Protein contamination ranged from 24 µg on the new screw to 3,756,046 µg contaminating a forceps. The more complex the instrument design the higher the protein contamination. All samples were culture negative however, biofilm was visually confirmed on 4/8 instruments tested using SEM. SEM also detected soil, holes or black stains on all the instruments.


All instruments examined following loss of functionality, were contaminated with high amounts of protein and microscopy revealed the presence of soil, structural damage and biofilm. Any soil can adversely impact sterilisation, and along with instrument damage impacts the ability to thoroughly clean instruments, highlighting the possible risk in using multiply processed instruments. While less affected, new but multiply processed screws showed soil and biofilm contamination suggesting that screws should be individually packed.

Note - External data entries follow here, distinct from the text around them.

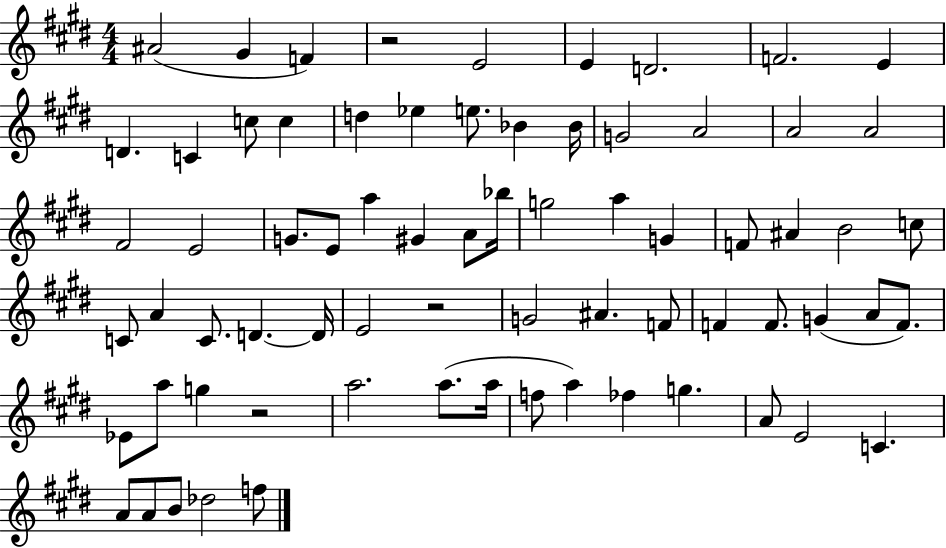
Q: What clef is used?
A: treble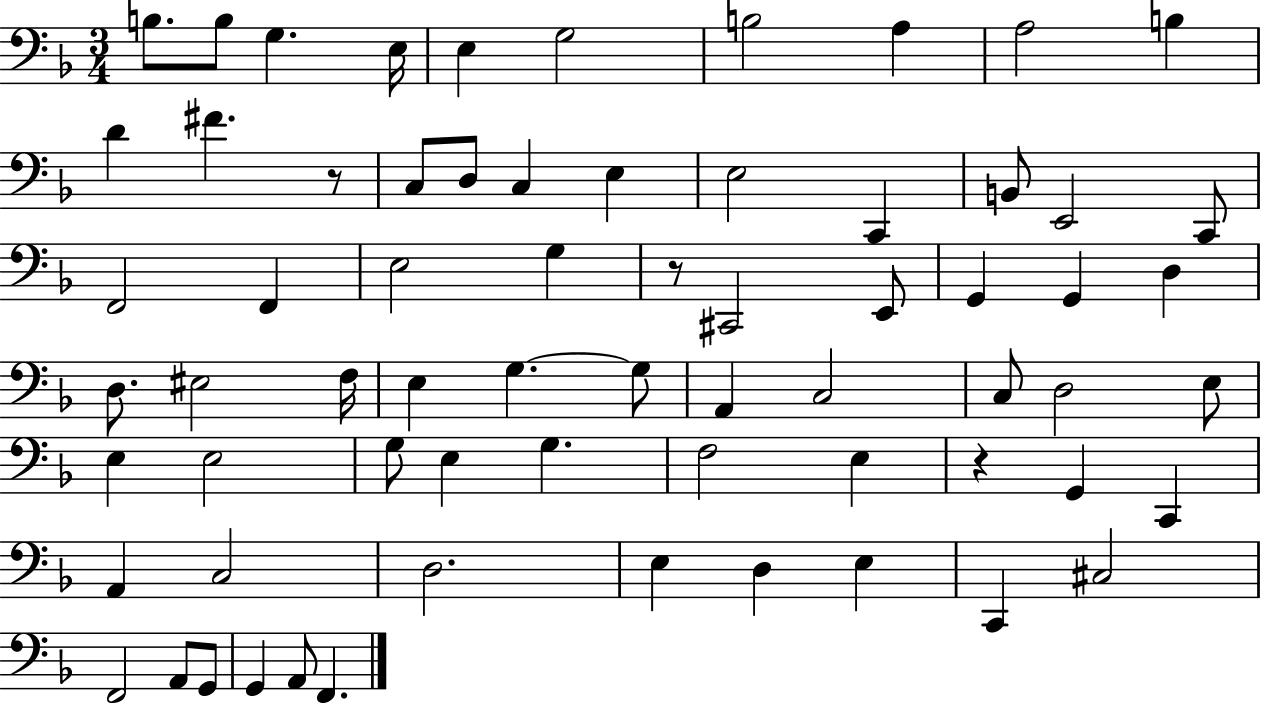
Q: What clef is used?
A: bass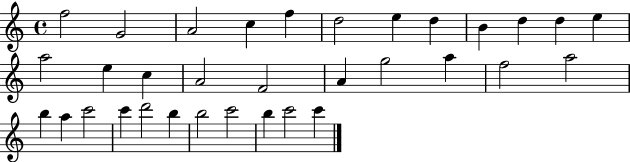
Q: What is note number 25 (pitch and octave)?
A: C6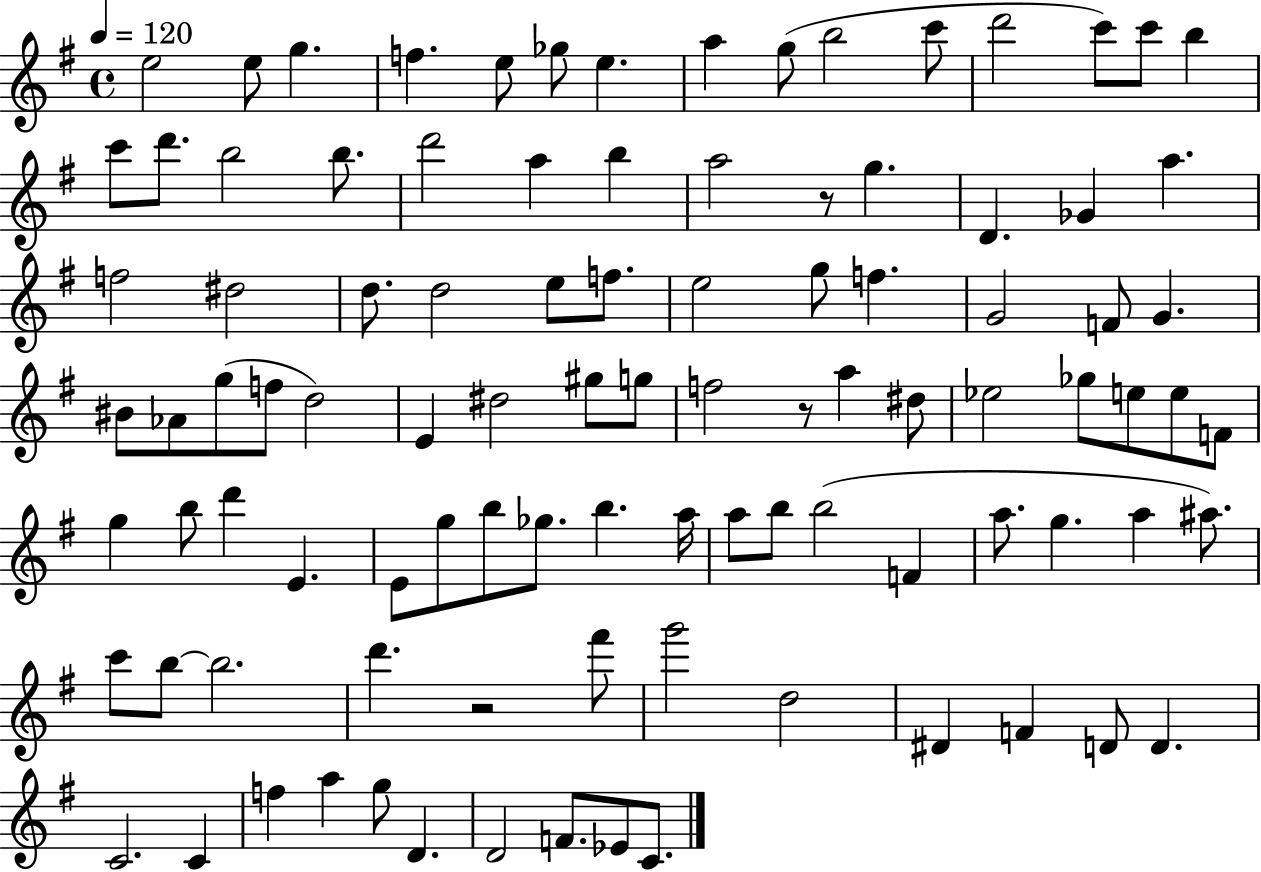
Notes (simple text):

E5/h E5/e G5/q. F5/q. E5/e Gb5/e E5/q. A5/q G5/e B5/h C6/e D6/h C6/e C6/e B5/q C6/e D6/e. B5/h B5/e. D6/h A5/q B5/q A5/h R/e G5/q. D4/q. Gb4/q A5/q. F5/h D#5/h D5/e. D5/h E5/e F5/e. E5/h G5/e F5/q. G4/h F4/e G4/q. BIS4/e Ab4/e G5/e F5/e D5/h E4/q D#5/h G#5/e G5/e F5/h R/e A5/q D#5/e Eb5/h Gb5/e E5/e E5/e F4/e G5/q B5/e D6/q E4/q. E4/e G5/e B5/e Gb5/e. B5/q. A5/s A5/e B5/e B5/h F4/q A5/e. G5/q. A5/q A#5/e. C6/e B5/e B5/h. D6/q. R/h F#6/e G6/h D5/h D#4/q F4/q D4/e D4/q. C4/h. C4/q F5/q A5/q G5/e D4/q. D4/h F4/e. Eb4/e C4/e.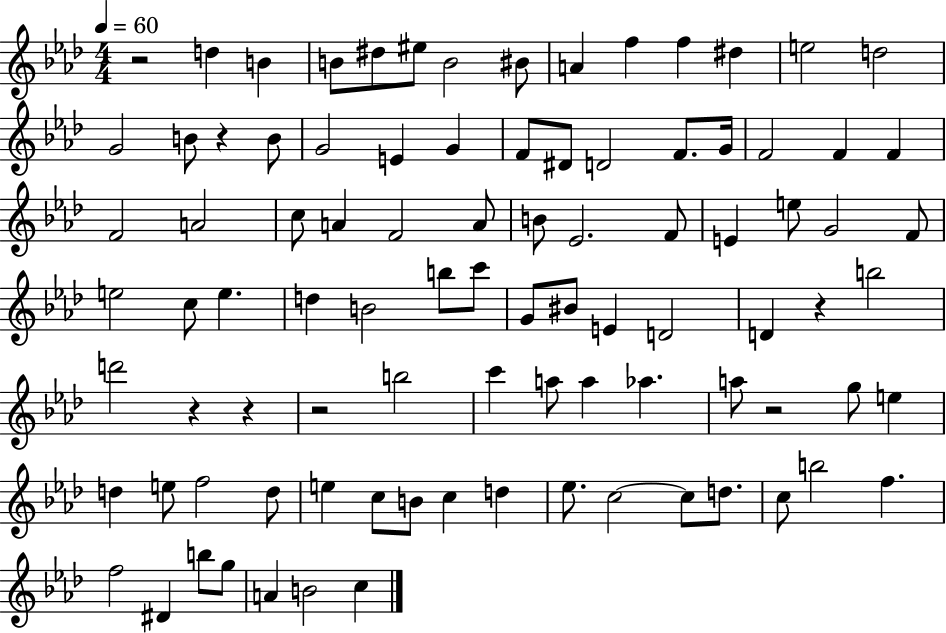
{
  \clef treble
  \numericTimeSignature
  \time 4/4
  \key aes \major
  \tempo 4 = 60
  r2 d''4 b'4 | b'8 dis''8 eis''8 b'2 bis'8 | a'4 f''4 f''4 dis''4 | e''2 d''2 | \break g'2 b'8 r4 b'8 | g'2 e'4 g'4 | f'8 dis'8 d'2 f'8. g'16 | f'2 f'4 f'4 | \break f'2 a'2 | c''8 a'4 f'2 a'8 | b'8 ees'2. f'8 | e'4 e''8 g'2 f'8 | \break e''2 c''8 e''4. | d''4 b'2 b''8 c'''8 | g'8 bis'8 e'4 d'2 | d'4 r4 b''2 | \break d'''2 r4 r4 | r2 b''2 | c'''4 a''8 a''4 aes''4. | a''8 r2 g''8 e''4 | \break d''4 e''8 f''2 d''8 | e''4 c''8 b'8 c''4 d''4 | ees''8. c''2~~ c''8 d''8. | c''8 b''2 f''4. | \break f''2 dis'4 b''8 g''8 | a'4 b'2 c''4 | \bar "|."
}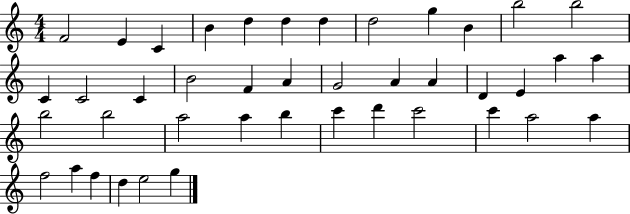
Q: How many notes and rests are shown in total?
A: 42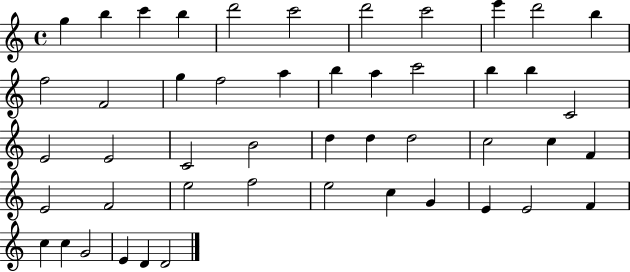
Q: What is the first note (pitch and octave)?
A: G5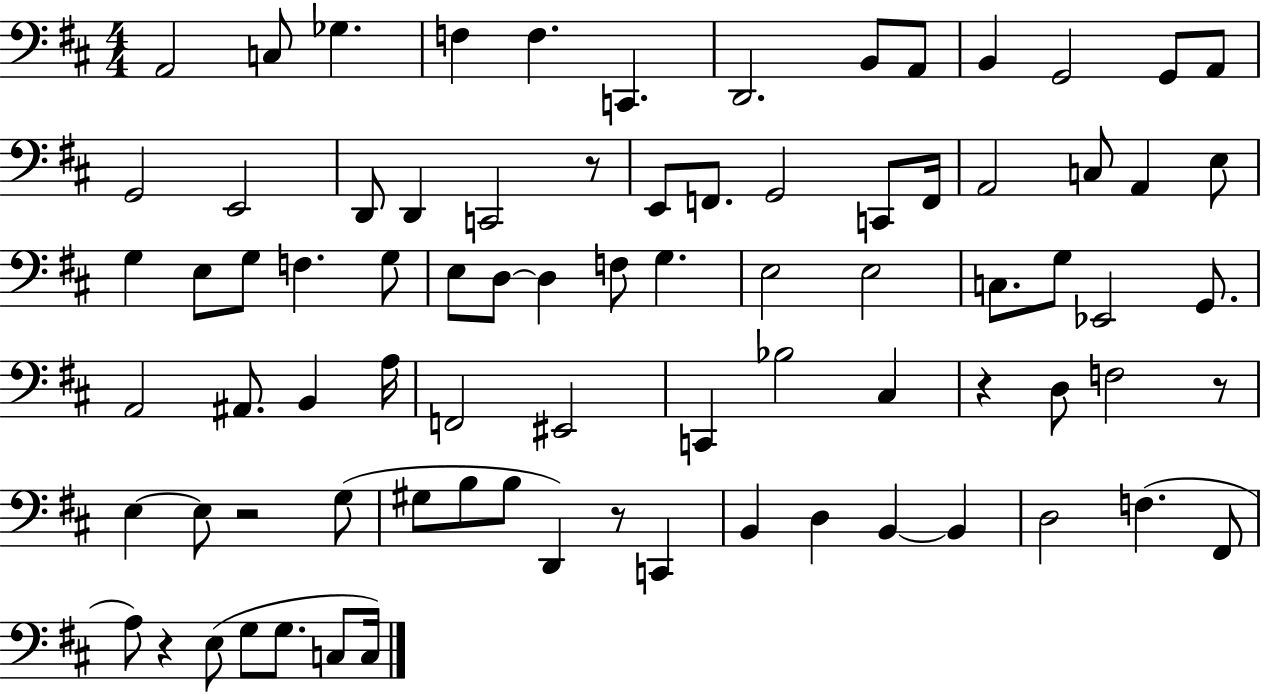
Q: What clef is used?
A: bass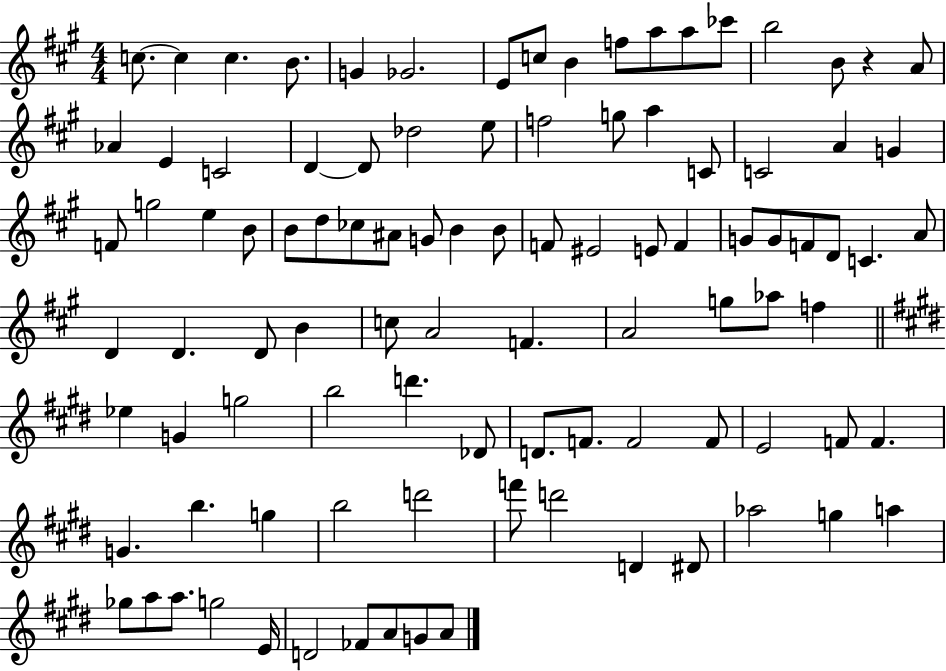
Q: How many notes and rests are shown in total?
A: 98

A/Professor Vickery is Scientific Director of the Surgical Infection Research Group, and Vice-Chancellor Innovation Fellow at the Faculty of Medicine and Health Sciences, Macquarie University. She has been at the forefront of research into detecting biofilm associated with medical implants, equipment and environmental surfaces. Her research aims to prevent healthcare associated infections by focusing on both surgical strategies for preventing biofilm infection of medical implants, treating biofilm infections of chronic wounds and strategies that improve instrument and environmental decontamination. She has served on expert advisory committees for the Australian Therapeutic Goods Administration (TGA), GENCA and Standards Australia.